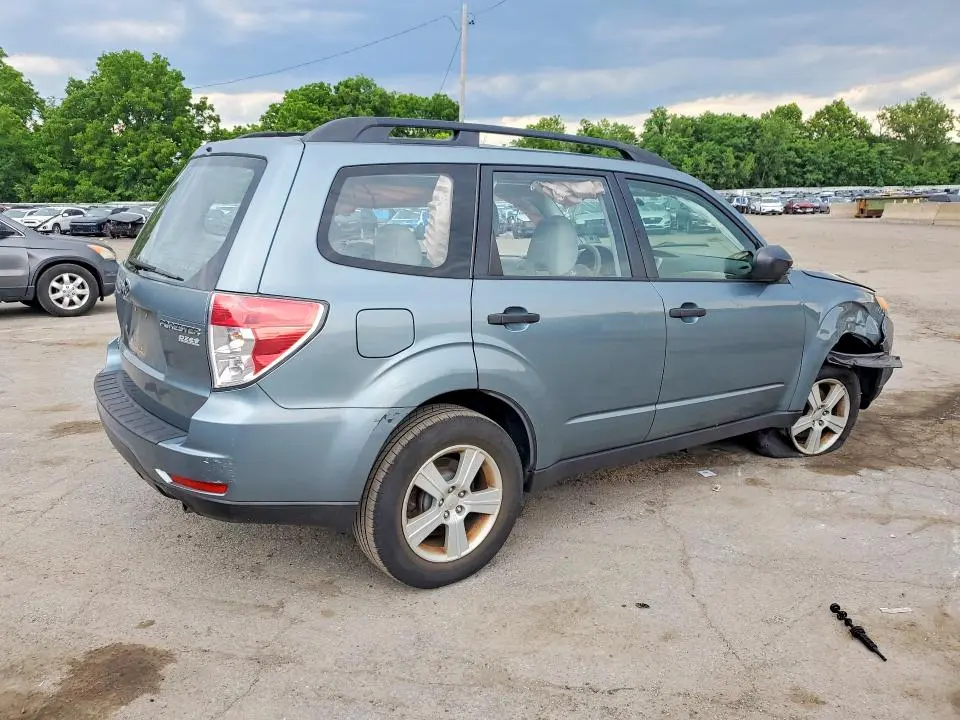 2010 SUBARU FORESTER XS  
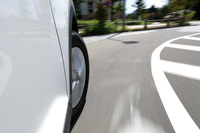 コーナリングでも操舵フィールに曖昧なところはなく、ドライバーの小さな操作にもリニアに応えてくれる。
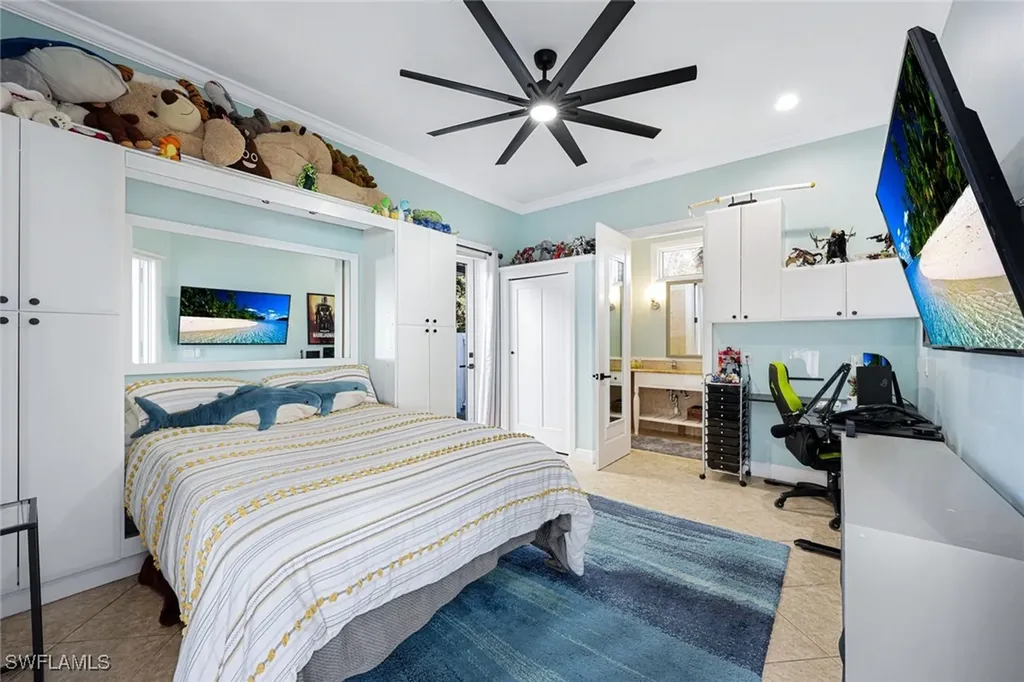 646 111th Avenue N Naples FL 34108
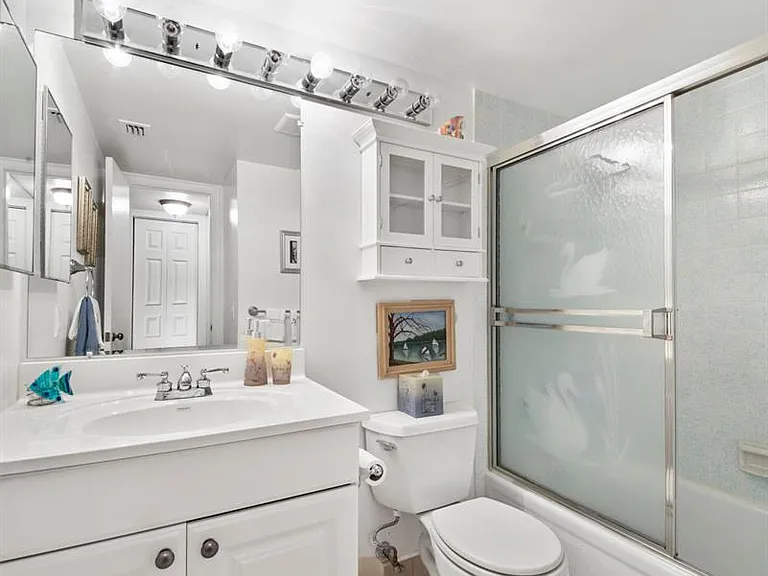 417 Pine Glen Ln #D-2 — Photo 16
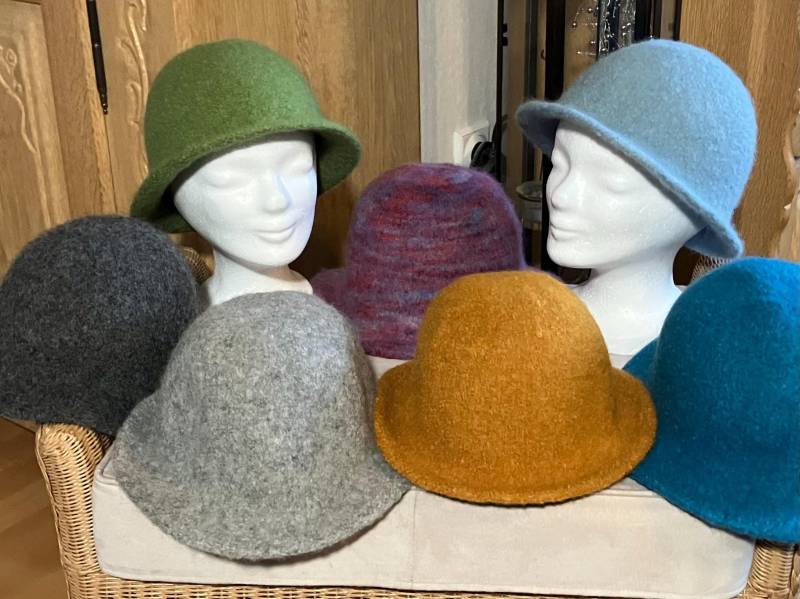 Trendiger Damen-Hut Aus Strickfilz Trendiger Damen-Hut Aus Strickfilz von ClaudiaCreArtiva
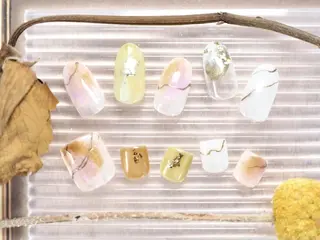 ネイル ビューティーサロン ヘゼリヒのネイルデザイン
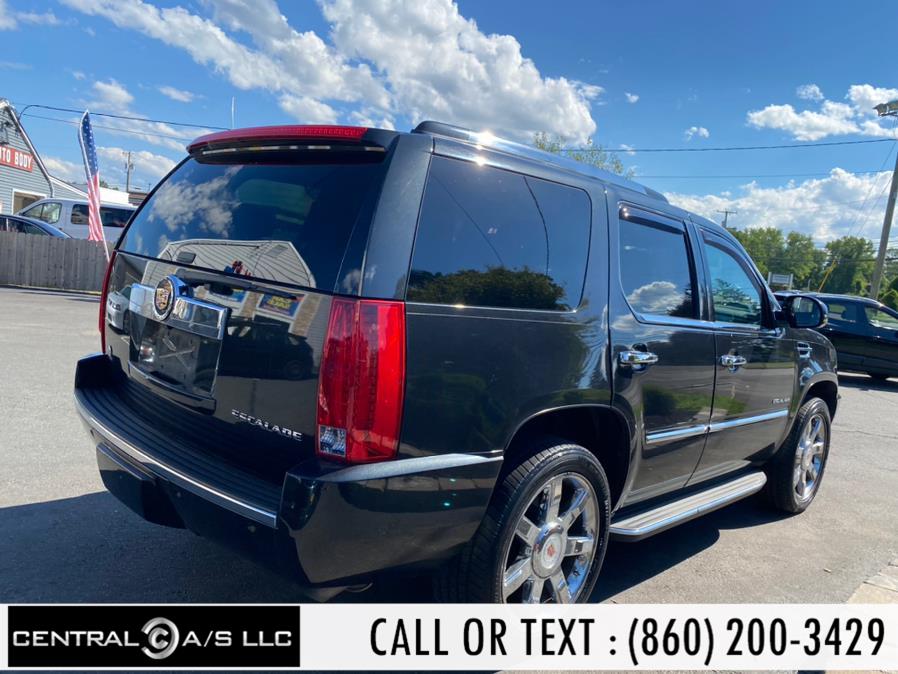 2013 Cadillac Escalade AWD 4dr Luxury, available for sale in East Windsor, Connecticut | Central A/S LLC. East Windsor, Connecticut 2013 Cadillac Escalade AWD 4dr Luxury, available for sale in East Windsor, Connecticut | Central A/S LLC. East Windsor, Connecticut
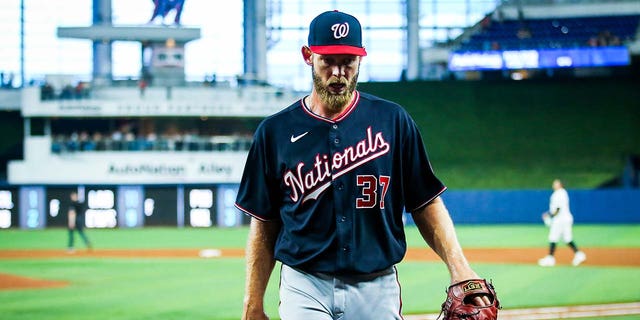 Stephen Strasburg walks off the mound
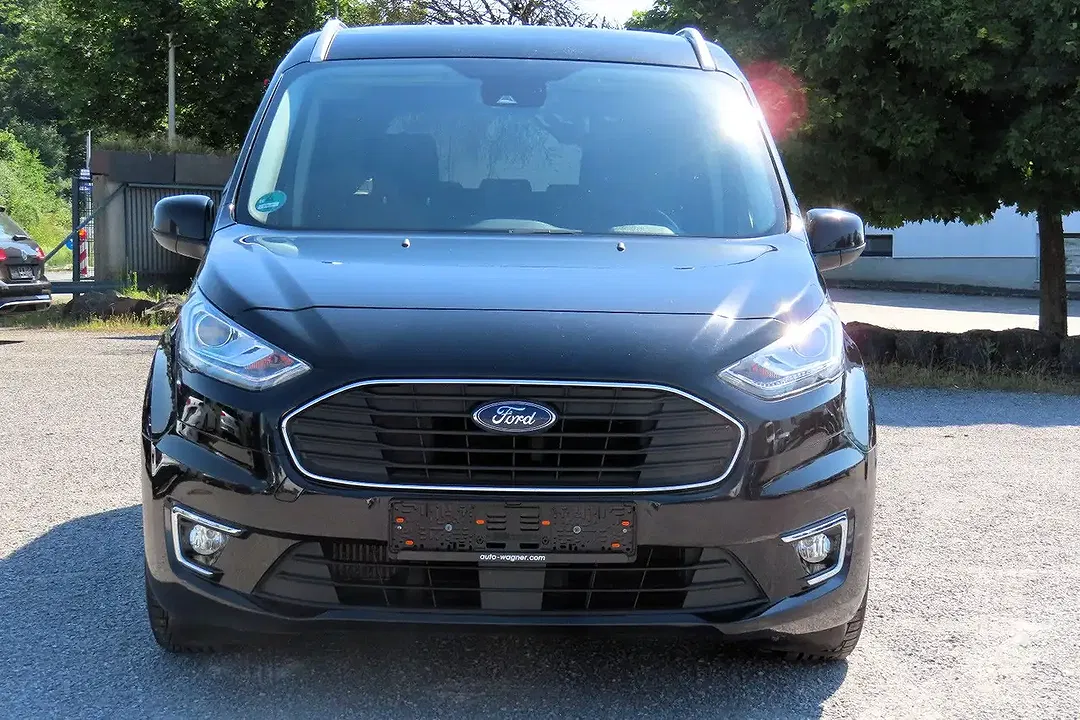 Ford Grand Tourneo Titanium - Thumbnail 8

——

◆ Task details ◆
Please reproduce the entries from above exactly; images are not part of the copy.

◆ Result below ◆
 2010 SUBARU FORESTER XS  
 コーナリングでも操舵フィールに曖昧なところはなく、ドライバーの小さな操作にもリニアに応えてくれる。
 646 111th Avenue N Naples FL 34108
 417 Pine Glen Ln #D-2 — Photo 16
 Trendiger Damen-Hut Aus Strickfilz Trendiger Damen-Hut Aus Strickfilz von ClaudiaCreArtiva
 ネイル ビューティーサロン ヘゼリヒのネイルデザイン
 2013 Cadillac Escalade AWD 4dr Luxury, available for sale in East Windsor, Connecticut | Central A/S LLC. East Windsor, Connecticut 2013 Cadillac Escalade AWD 4dr Luxury, available for sale in East Windsor, Connecticut | Central A/S LLC. East Windsor, Connecticut
 Stephen Strasburg walks off the mound
 Ford Grand Tourneo Titanium - Thumbnail 8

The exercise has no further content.